Sus restos reposan en el nicho 340, en lo más alto de una de las paredes que delimitan el cementerio, ahora vecino de un campus de la Universidad de Salamanca llamado precisamente Miguel de Unamuno. La familia del escritor ocupa otros dos nichos contiguos: ahí están su esposa, varios de los hijos -no todos, uno de ellos fue enterrado en un panteón propiedad de la familia de su mujer-, su hermana y una tía. Bajo el nombre del escritor y las fechas y lugares de su nacimiento y muerte están grabados unos versos suyos: «Méteme, Padre Eterno, en tu pecho,/ misterioso hogar,/ dormiré allí pues vengo deshecho/ del duro bregar». «He visto en no pocas ocasiones que el cura que oficia aquí los responsos utiliza esos versos», explica Pablo Unamuno. «Antes solía haber siempre flores en el nicho. No supimos quién las ponía. Desde hace veinte años, la Asociación Memoria y Justicia hace aquí un acto cada 31 de diciembre». Lo dejó escrito él mismo: «Cuando yo me muera/ guarda, dorada Salamanca mía,/ tú mi recuerdo».
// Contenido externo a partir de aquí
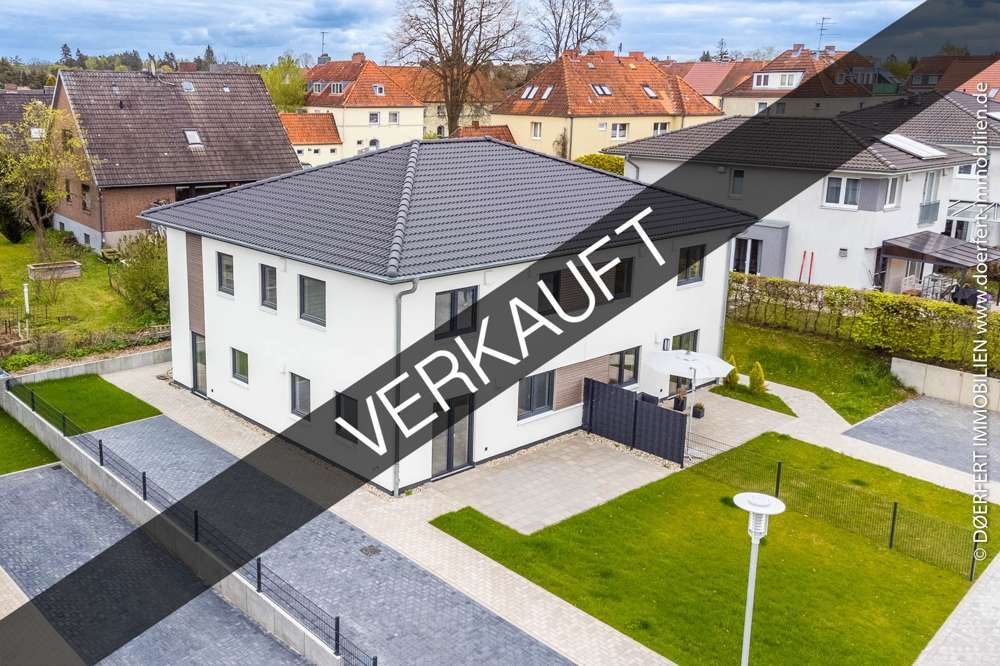 Lübeck – Siems | NEUBAU – DHH in ökologischer Bauweise (KFW 55 EE) am Waldrand – ERSTBEZUG! – Bild 1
Sus avalistas para el Nobel Tres de los cinco avalistas de Unamuno para el Nobel estuvieron en Paraninfo y tuvieron papeles destacados. Esteban Madruga, que firmó su candidatura en 1935, era en ese momento vicerrector. Estuvo sentado en una de las filas laterales y fue uno de los primeros que se levantaron para estar junto a él al final del acto, tras las palabras de Millán Astray. José Mª Ramos y Loscertales y Francisco Maldonado (junto a José Camón Aznar y Manuel García Blanco presentaron su candidatura en 1936) fueron dos de los oradores. Las palabras de Maldonado suscitaron el célebre discurso improvisado de Unamuno.
Otros asistentes El acto reunió a muchos políticos e intelectuales. Entre ellos, Pedro Sainz Rodríguez (más tarde ministro de Educación en la zona nacional), falangistas como Felipe Ximénez de Sandoval y Luis Moure Mariño, Francisco Casanova (Renovación Española), el duque de Alba, el marqués de Castelar, el conde de Sástago y el obispo Enrique Plá y Deniel, que acompañaba a Carmen Polo, que llegó tarde al acto. También estaba Dionisio Ridruejo.
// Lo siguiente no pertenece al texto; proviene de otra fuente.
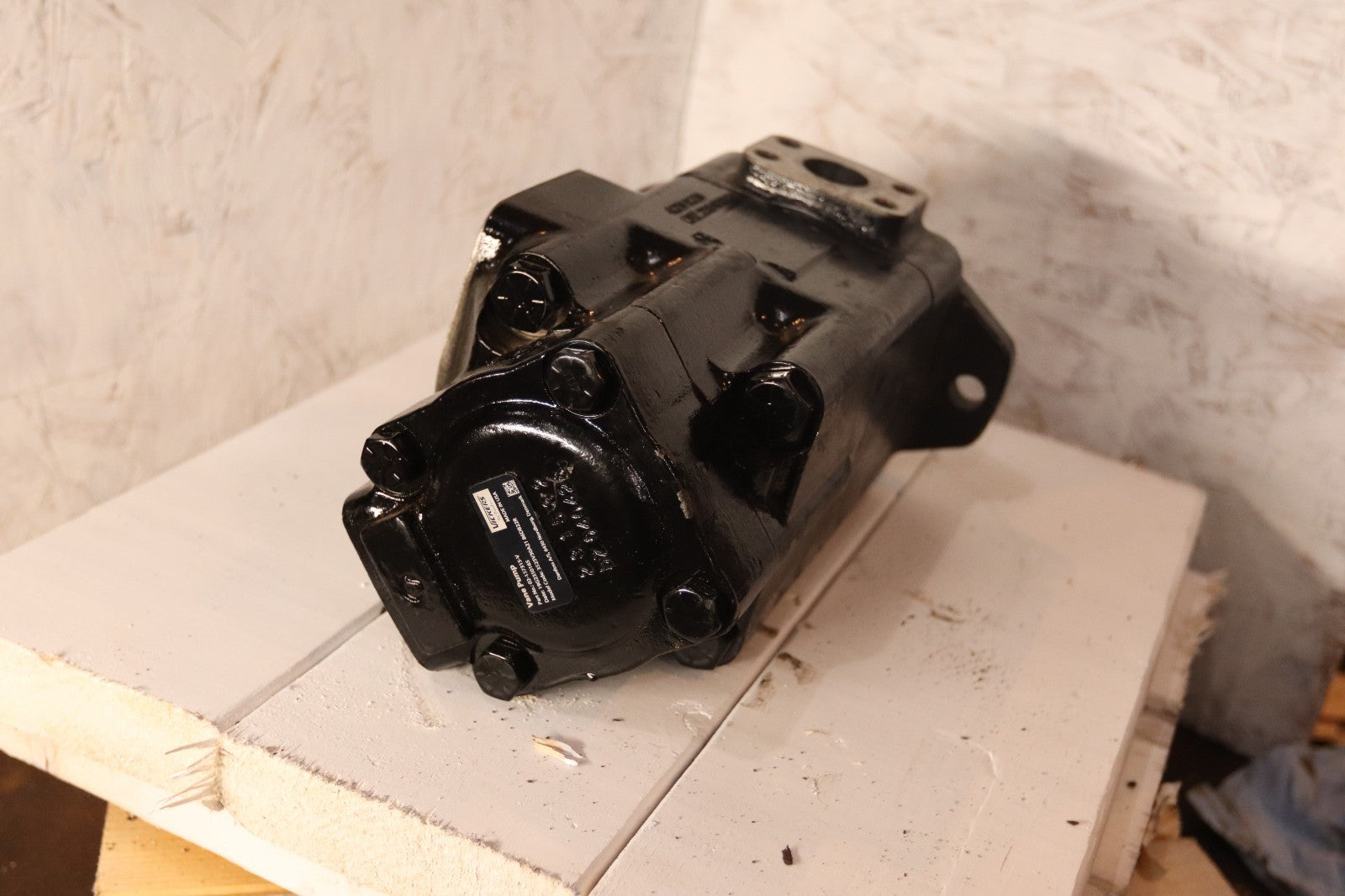 VICKERS 02-137315-V Model 3525V30A21 86DB 22R VANE PUMP – NEW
80 días vivió Unamuno después del acto del Paraninfo y su inmediata destitución como Rector. En ese tiempo salió muy poco de casa, dejó de frecuentar sus tertulias del casino y el café Novelty (al que prácticamente no volvió) y su vida social se limitó a las visitas que recibía y la correspondencia intensa que, como siempre, mantuvo con amigos, colegas y conocidos de todo el mundo.
«Los falangistas querían a Unamuno como ideólogo porque tenían algo en común, como el rechazo al nacionalismo y la división de España y la defensa de la civilización cristiana. Pero él fue un social liberal toda su vida». Lo explica Francisco Blanco, cronista e historiador, que ha estudiado en detalle la peripecia del escritor vasco en sus últimos años. Esa proximidad que los falangistas buscaban llegó hasta el final:el féretro de Unamuno salió de la iglesia a hombros de cuatro de ellos. Menos de dos años antes, el 10 de febrero de 1935, había habido un mitin falangista en Salamanca. Francisco Bravo, delegado de la organización en la ciudad, habló con Unamuno para que recibiera en su casa a José Antonio y Rafael Sánchez Mazas. El encuentro duró dos horas. Luego, los cuatro recorrieron los 650 metros que separan la casa del Teatro Bretón, donde tendría lugar el acto político. Unamuno asistió al mismo en silencio. Luego diría que lo había hecho por curiosidad intelectual. «Pero toda la ciudad lo vio cruzar la plaza Mayor con José Antonio. Asistir a ese acto le costó el Nobel de ese año», aventura Francisco Blanco. Unamuno fue candidato al premio en 1935 (quedó desierto, fue una de las pocas ocasiones en que ha sucedido) y 1936 (lo ganó Eugene O'Neill).